◆ Task prompt ◆
The line containing "Bella Dahl Luxe" and every line after it, through the last line of the records, are to be transcribed exactly, and nothing else.

(Dataset items)
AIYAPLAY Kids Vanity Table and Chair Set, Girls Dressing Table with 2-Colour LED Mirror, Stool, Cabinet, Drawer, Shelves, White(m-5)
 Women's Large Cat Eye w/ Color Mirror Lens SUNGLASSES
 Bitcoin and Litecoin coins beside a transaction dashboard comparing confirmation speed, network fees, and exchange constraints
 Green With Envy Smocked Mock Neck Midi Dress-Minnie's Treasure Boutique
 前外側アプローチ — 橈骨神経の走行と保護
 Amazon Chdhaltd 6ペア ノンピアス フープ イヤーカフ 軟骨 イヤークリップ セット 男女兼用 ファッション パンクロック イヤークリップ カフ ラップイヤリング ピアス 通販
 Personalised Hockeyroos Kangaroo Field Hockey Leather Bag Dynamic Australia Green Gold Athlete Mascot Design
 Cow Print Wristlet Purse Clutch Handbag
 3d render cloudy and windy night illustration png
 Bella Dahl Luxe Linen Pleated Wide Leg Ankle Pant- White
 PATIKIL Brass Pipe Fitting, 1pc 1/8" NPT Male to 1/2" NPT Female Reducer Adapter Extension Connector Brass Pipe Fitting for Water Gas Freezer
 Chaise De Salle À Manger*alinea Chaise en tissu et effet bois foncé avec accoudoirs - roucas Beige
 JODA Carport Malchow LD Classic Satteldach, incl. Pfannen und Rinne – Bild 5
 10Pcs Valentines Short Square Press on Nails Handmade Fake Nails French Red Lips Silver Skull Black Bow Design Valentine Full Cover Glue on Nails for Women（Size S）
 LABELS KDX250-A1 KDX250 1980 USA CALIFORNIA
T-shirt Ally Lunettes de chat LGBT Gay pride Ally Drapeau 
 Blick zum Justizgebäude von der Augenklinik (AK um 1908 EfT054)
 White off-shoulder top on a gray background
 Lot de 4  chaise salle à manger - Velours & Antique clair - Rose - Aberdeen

◆ Solution for this problem ◆
 Bella Dahl Luxe Linen Pleated Wide Leg Ankle Pant- White
 PATIKIL Brass Pipe Fitting, 1pc 1/8" NPT Male to 1/2" NPT Female Reducer Adapter Extension Connector Brass Pipe Fitting for Water Gas Freezer
 Chaise De Salle À Manger*alinea Chaise en tissu et effet bois foncé avec accoudoirs - roucas Beige
 JODA Carport Malchow LD Classic Satteldach, incl. Pfannen und Rinne – Bild 5
 10Pcs Valentines Short Square Press on Nails Handmade Fake Nails French Red Lips Silver Skull Black Bow Design Valentine Full Cover Glue on Nails for Women（Size S）
 LABELS KDX250-A1 KDX250 1980 USA CALIFORNIA
T-shirt Ally Lunettes de chat LGBT Gay pride Ally Drapeau 
 Blick zum Justizgebäude von der Augenklinik (AK um 1908 EfT054)
 White off-shoulder top on a gray background
 Lot de 4  chaise salle à manger - Velours & Antique clair - Rose - Aberdeen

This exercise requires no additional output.